Try it —
For this listing, reproduce the line with "1271 NW 44th St, Deerfield Beach FL 33064", the line with "Chevrolet Corvette 12 of 30", and the lines between, exactly as they stand. Leave out pictures and all other lines.

(Beginning of Supplied data)

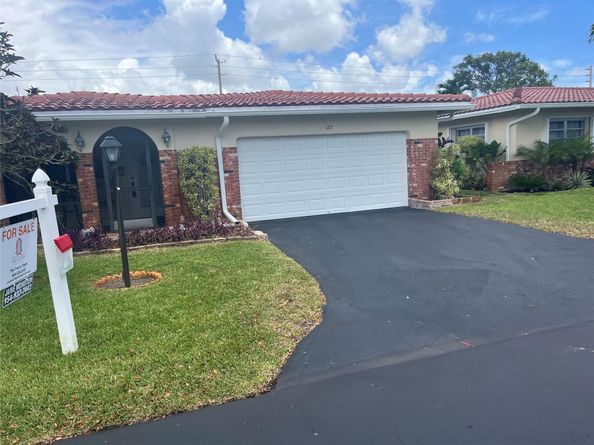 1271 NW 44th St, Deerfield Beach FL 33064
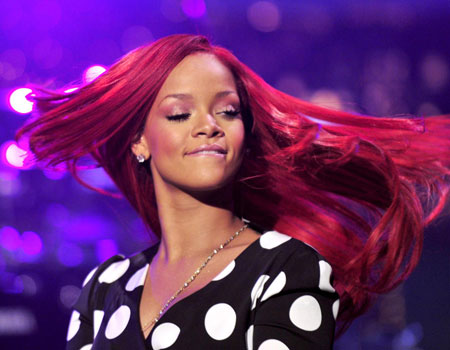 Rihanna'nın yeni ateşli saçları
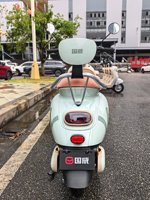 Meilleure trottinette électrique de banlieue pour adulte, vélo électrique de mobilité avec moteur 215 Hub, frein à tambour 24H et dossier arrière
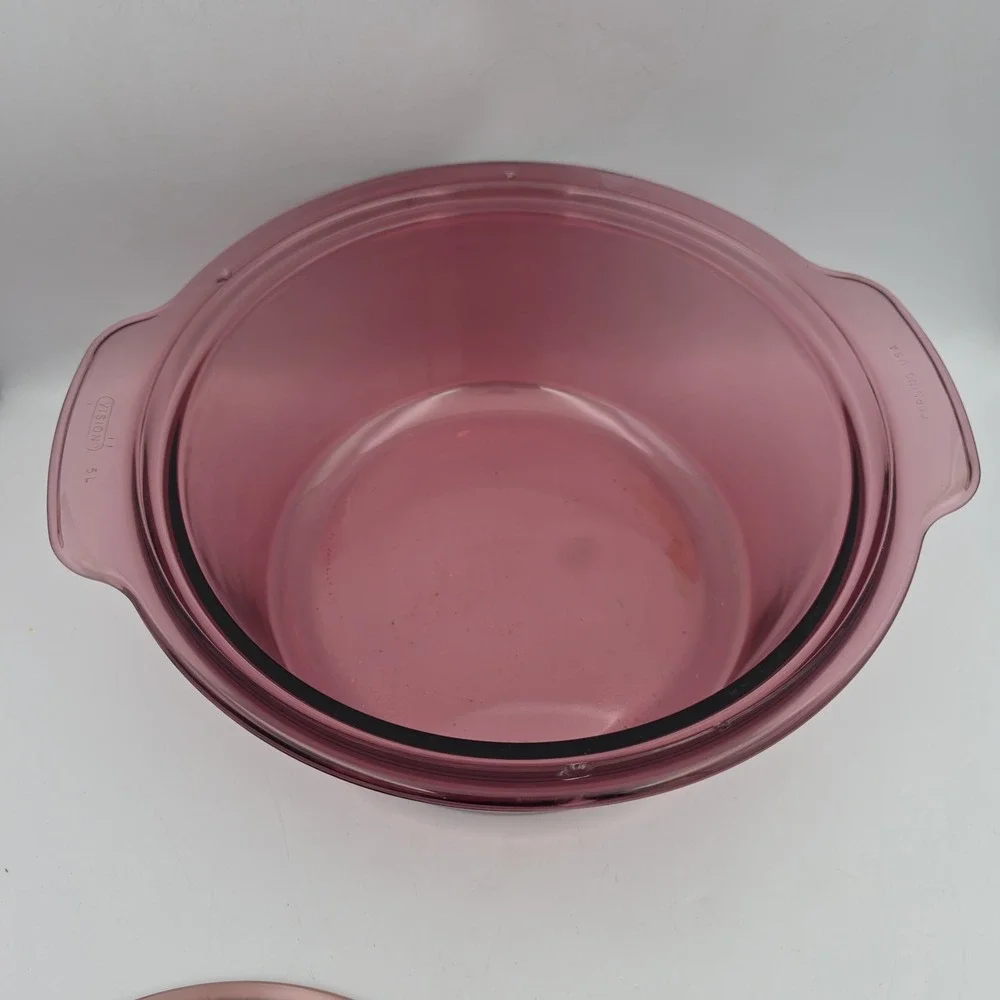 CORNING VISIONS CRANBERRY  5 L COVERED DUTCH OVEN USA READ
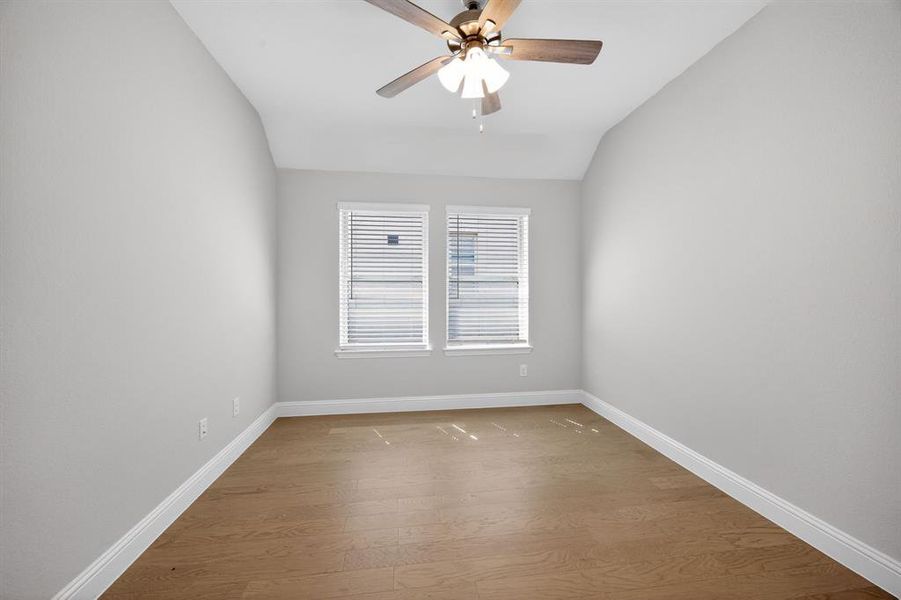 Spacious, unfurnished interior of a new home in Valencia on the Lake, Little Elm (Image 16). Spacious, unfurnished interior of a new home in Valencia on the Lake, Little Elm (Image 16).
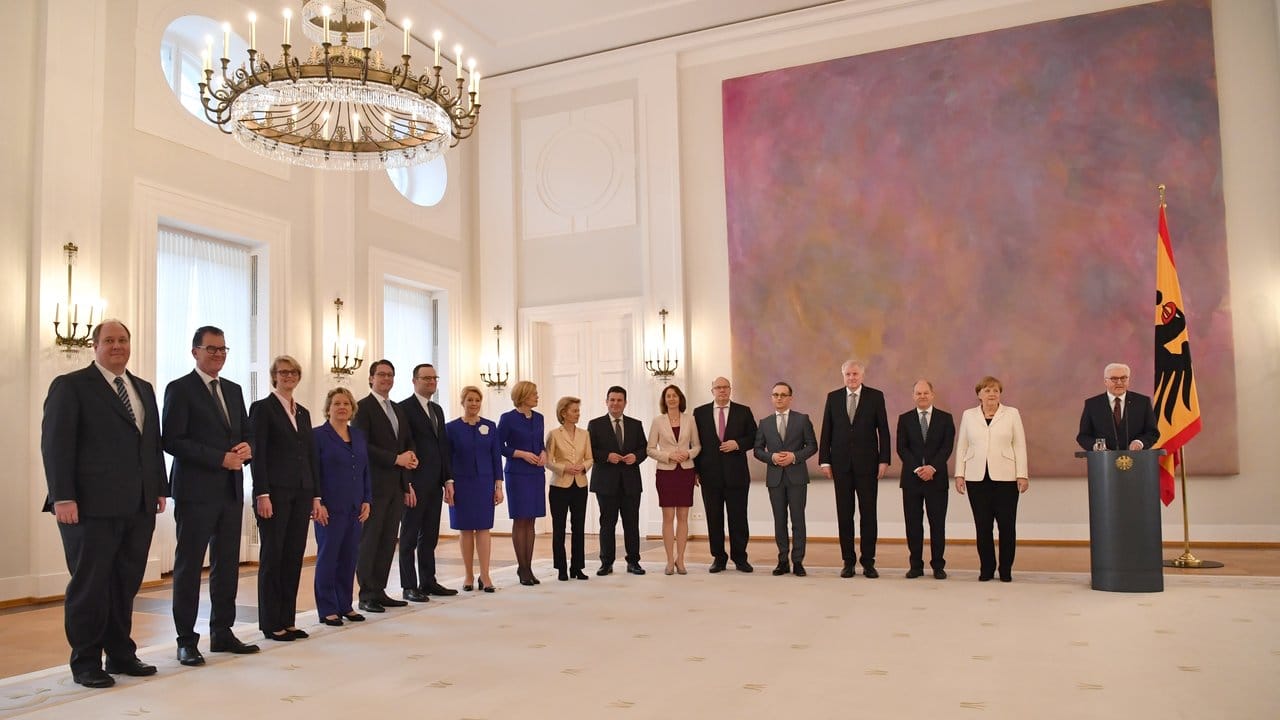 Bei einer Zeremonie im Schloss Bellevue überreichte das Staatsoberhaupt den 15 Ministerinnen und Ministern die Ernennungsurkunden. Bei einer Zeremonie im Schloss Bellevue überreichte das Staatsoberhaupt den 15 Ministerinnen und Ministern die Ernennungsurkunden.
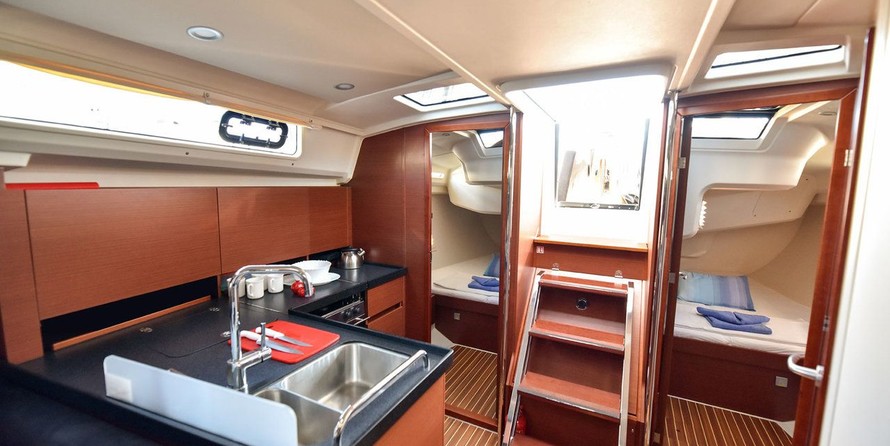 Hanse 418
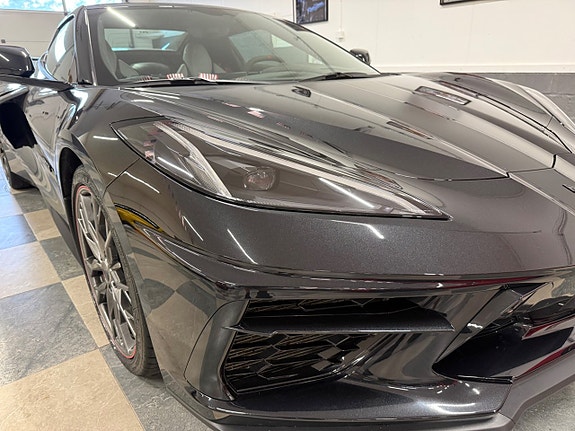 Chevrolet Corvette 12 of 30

(End of Supplied data)
(Beginning of Supplied data)

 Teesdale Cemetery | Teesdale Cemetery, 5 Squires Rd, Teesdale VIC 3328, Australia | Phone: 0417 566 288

(End of Supplied data)

Task output —
 1271 NW 44th St, Deerfield Beach FL 33064
 Rihanna'nın yeni ateşli saçları
 Meilleure trottinette électrique de banlieue pour adulte, vélo électrique de mobilité avec moteur 215 Hub, frein à tambour 24H et dossier arrière
 CORNING VISIONS CRANBERRY  5 L COVERED DUTCH OVEN USA READ
 Spacious, unfurnished interior of a new home in Valencia on the Lake, Little Elm (Image 16). Spacious, unfurnished interior of a new home in Valencia on the Lake, Little Elm (Image 16).
 Bei einer Zeremonie im Schloss Bellevue überreichte das Staatsoberhaupt den 15 Ministerinnen und Ministern die Ernennungsurkunden. Bei einer Zeremonie im Schloss Bellevue überreichte das Staatsoberhaupt den 15 Ministerinnen und Ministern die Ernennungsurkunden.
 Hanse 418
 Chevrolet Corvette 12 of 30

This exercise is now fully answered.